**THE PROBLEM:** These records contain pictures, which must be left out; copy exactly the lines from the one with "Bebe top zip wristlet blush color" up to and including the one with "Woman holding credit".

**STUDY MATERIAL:**
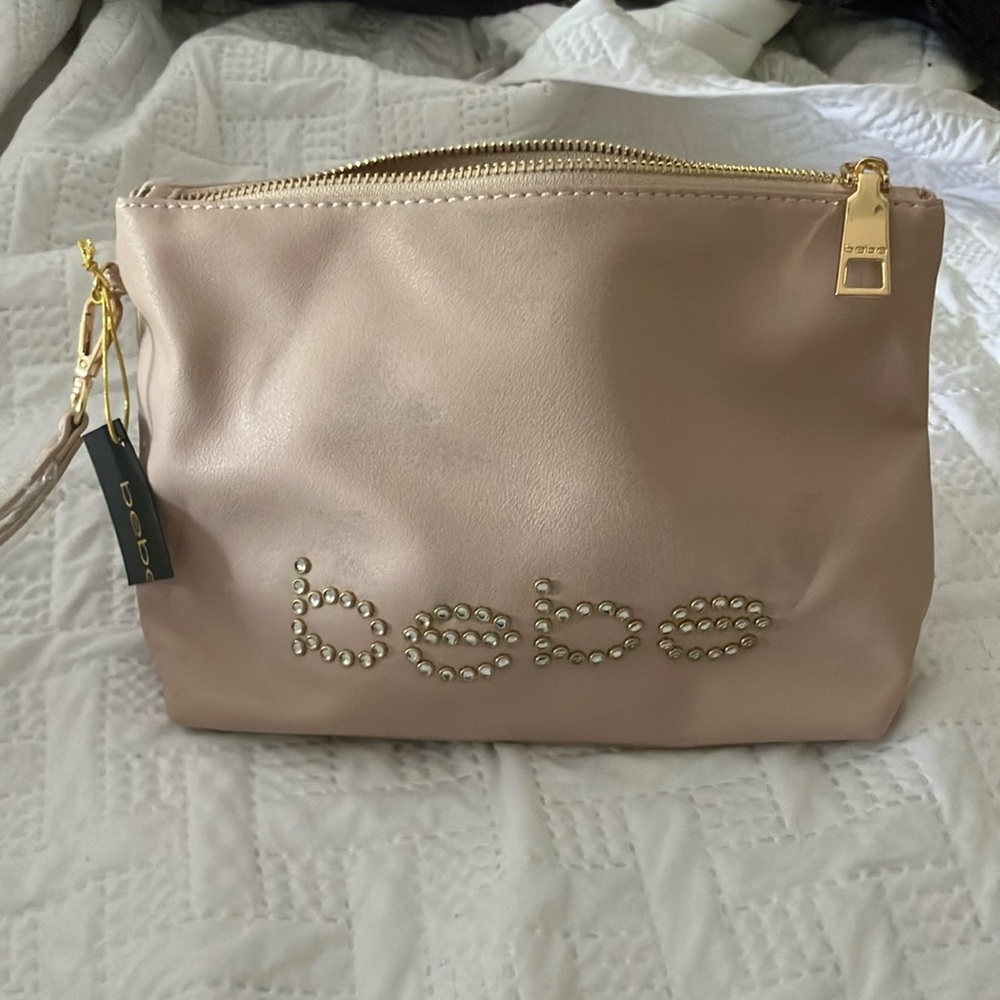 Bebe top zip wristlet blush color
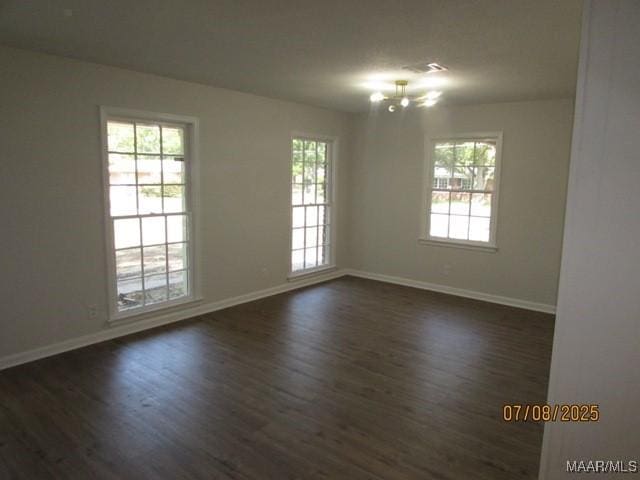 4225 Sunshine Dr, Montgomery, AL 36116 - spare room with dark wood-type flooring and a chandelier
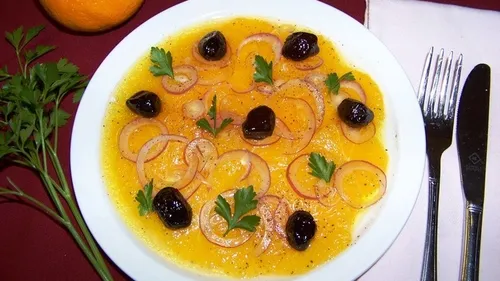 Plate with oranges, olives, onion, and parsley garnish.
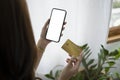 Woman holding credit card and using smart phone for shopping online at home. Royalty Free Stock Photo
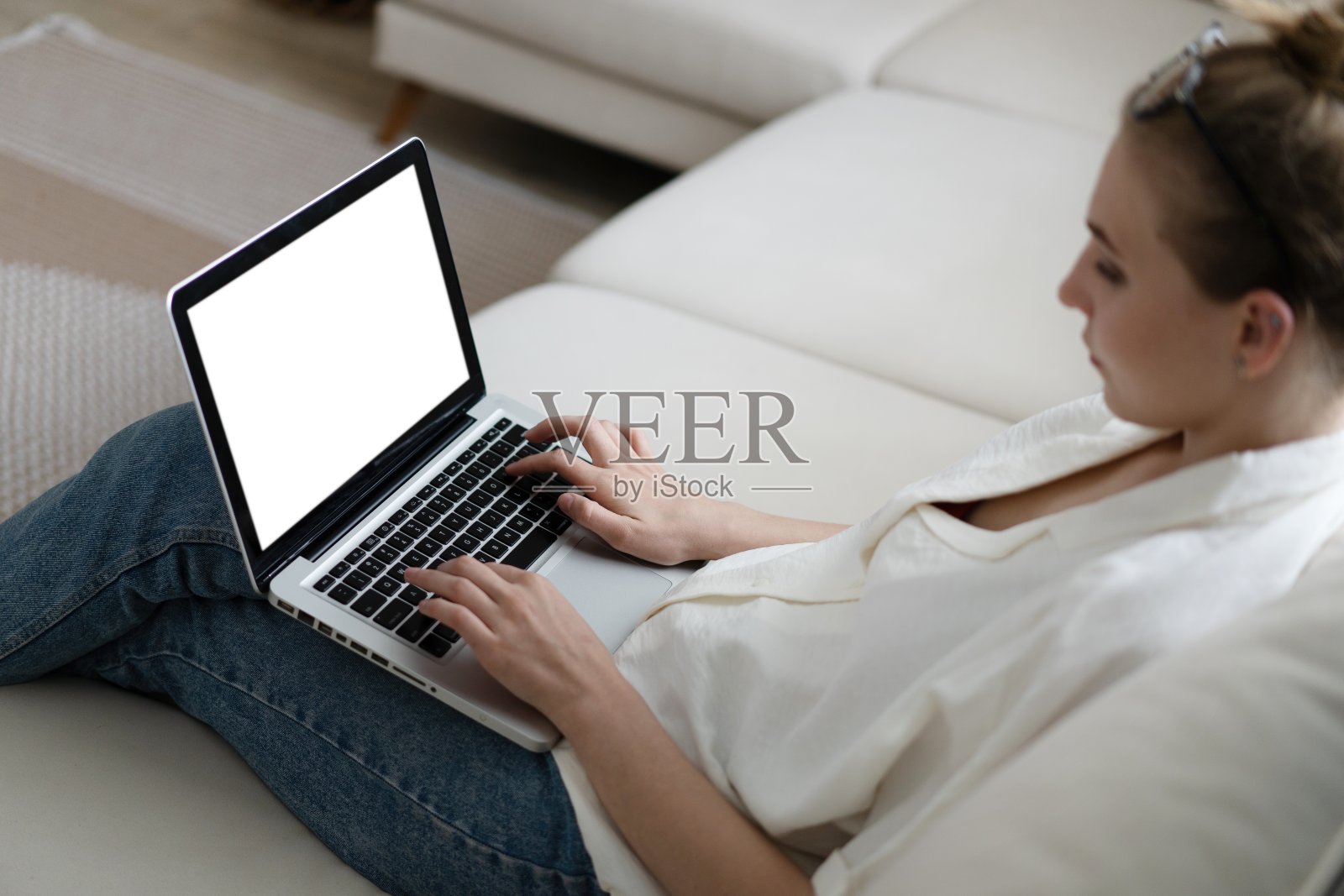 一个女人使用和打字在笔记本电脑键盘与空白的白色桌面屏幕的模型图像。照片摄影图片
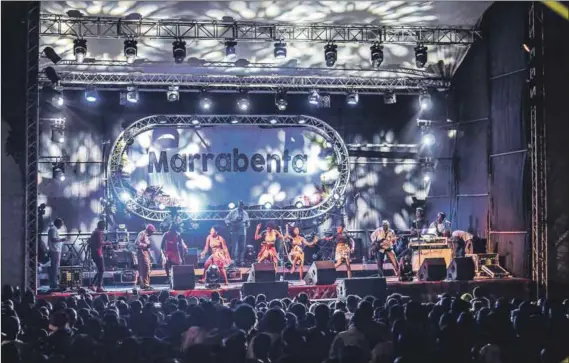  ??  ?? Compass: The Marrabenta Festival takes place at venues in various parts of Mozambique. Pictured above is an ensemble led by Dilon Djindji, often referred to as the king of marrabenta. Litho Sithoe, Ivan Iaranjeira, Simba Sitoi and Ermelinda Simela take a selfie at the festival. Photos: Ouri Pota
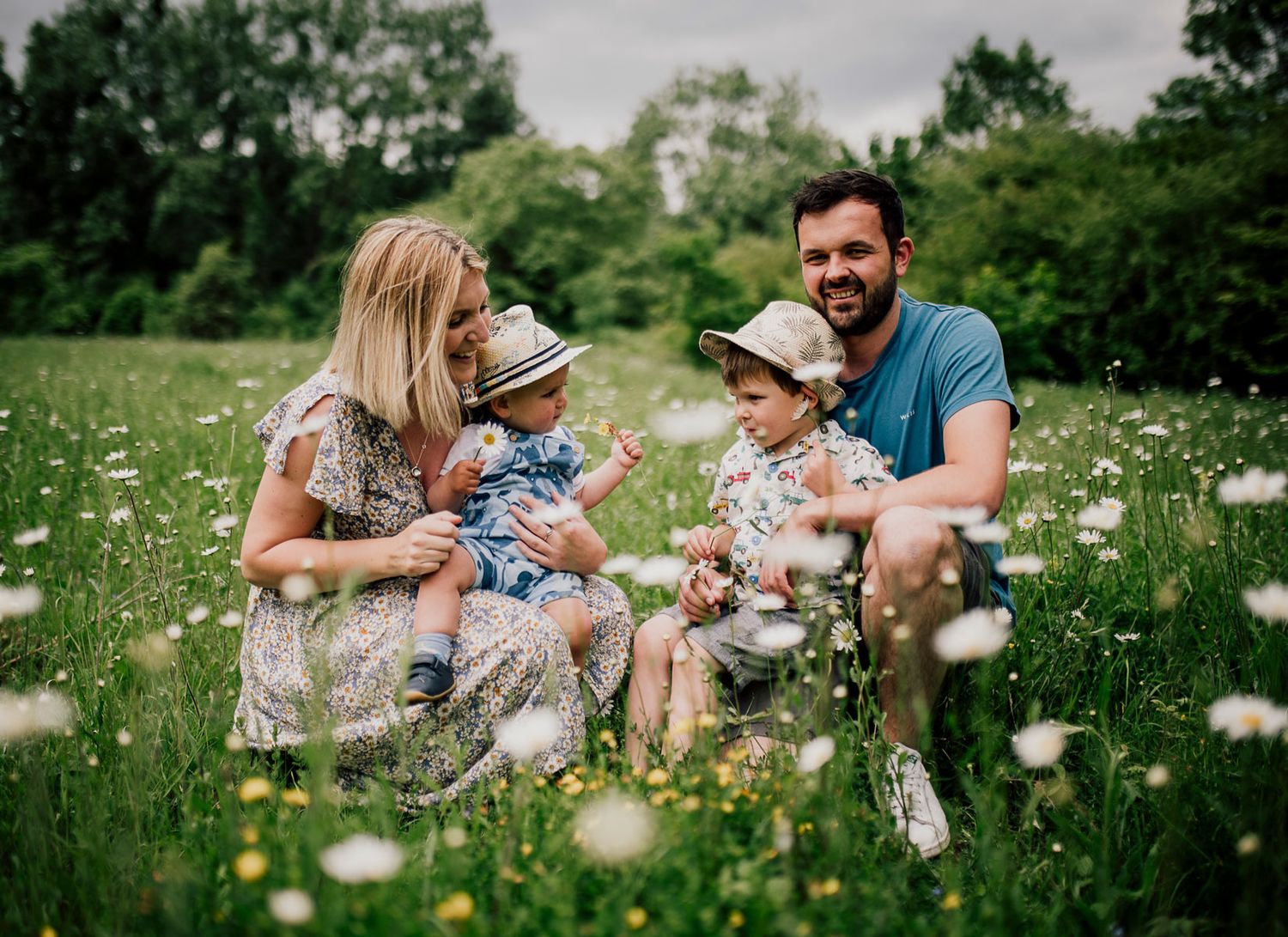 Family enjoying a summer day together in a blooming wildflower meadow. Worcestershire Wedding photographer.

...

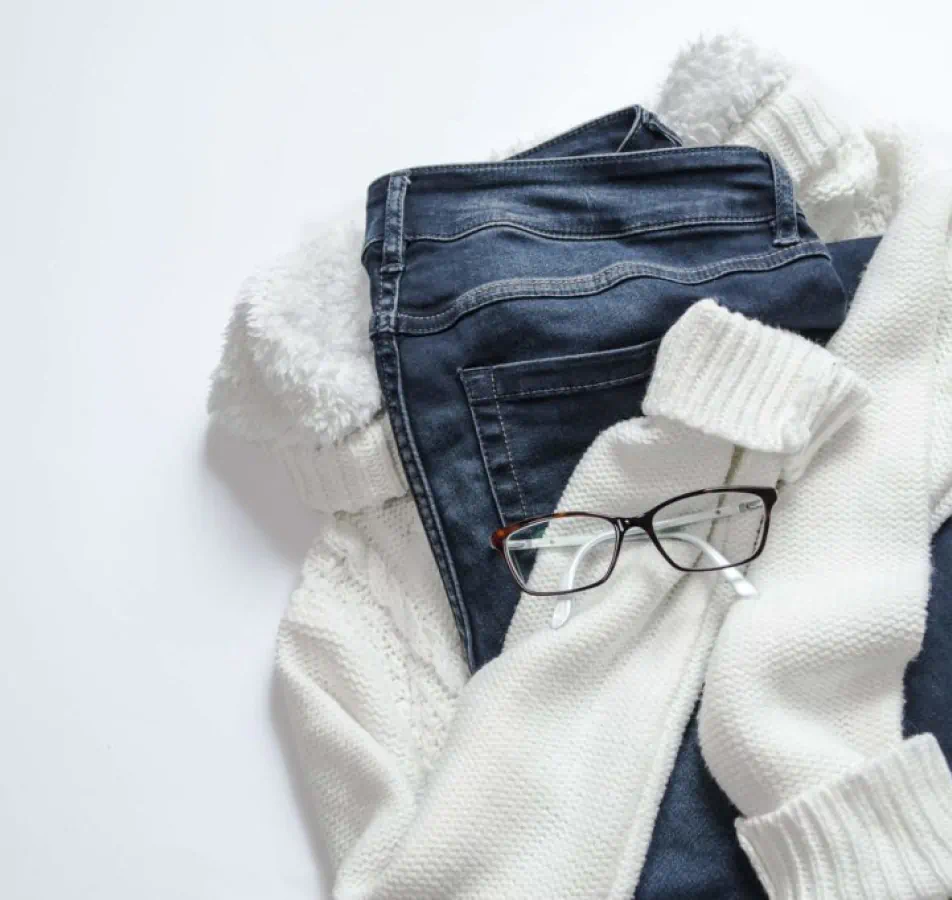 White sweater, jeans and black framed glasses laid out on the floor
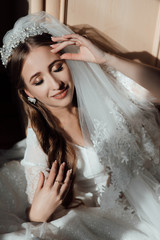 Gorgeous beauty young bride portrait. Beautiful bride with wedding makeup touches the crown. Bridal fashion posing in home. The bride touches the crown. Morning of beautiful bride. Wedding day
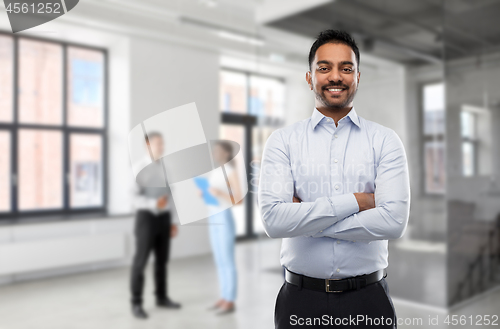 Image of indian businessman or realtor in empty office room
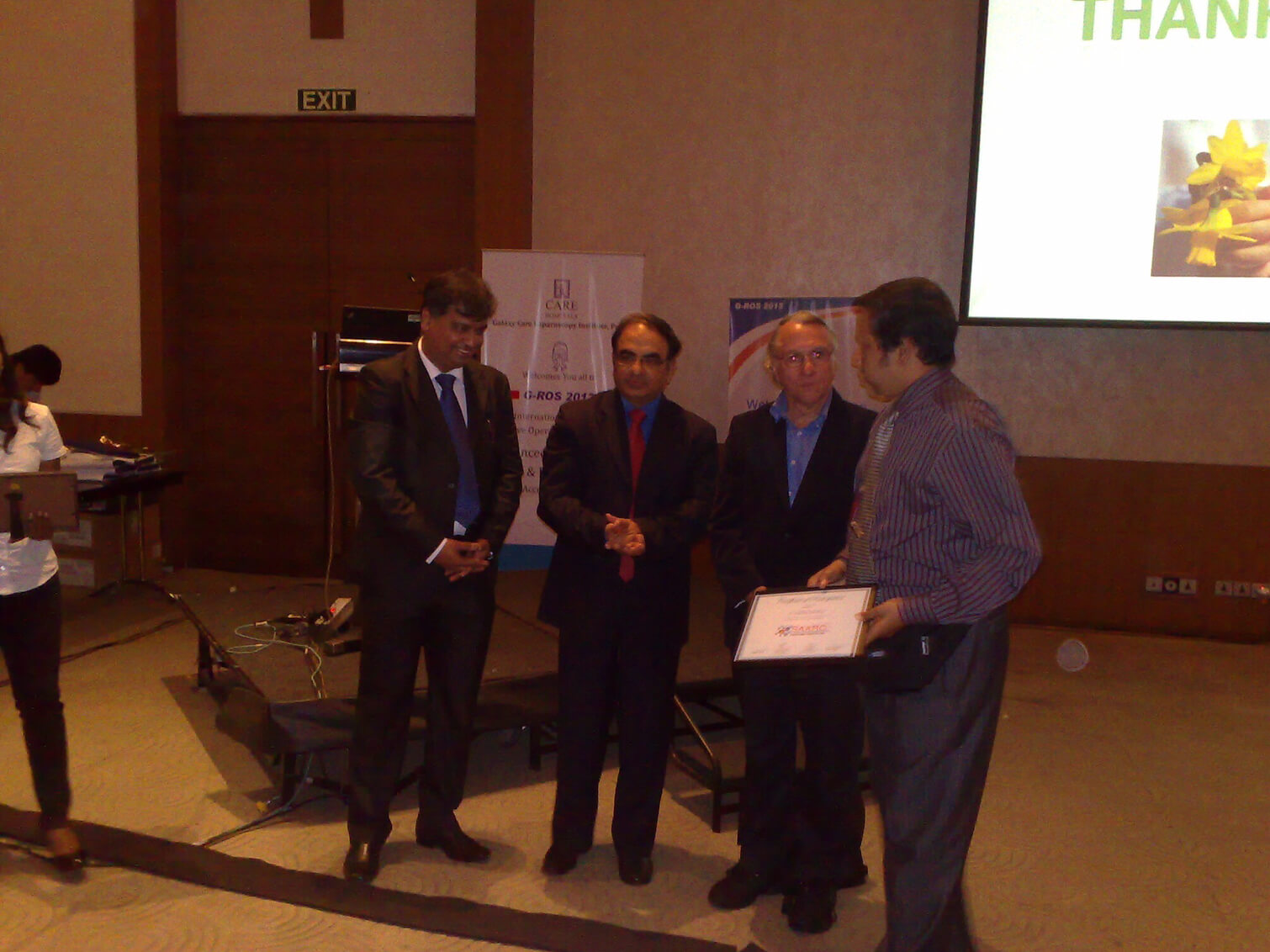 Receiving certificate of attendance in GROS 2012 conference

**SOLUTION:**
 Bebe top zip wristlet blush color
 4225 Sunshine Dr, Montgomery, AL 36116 - spare room with dark wood-type flooring and a chandelier
 Plate with oranges, olives, onion, and parsley garnish.
 Woman holding credit card and using smart phone for shopping online at home. Royalty Free Stock Photo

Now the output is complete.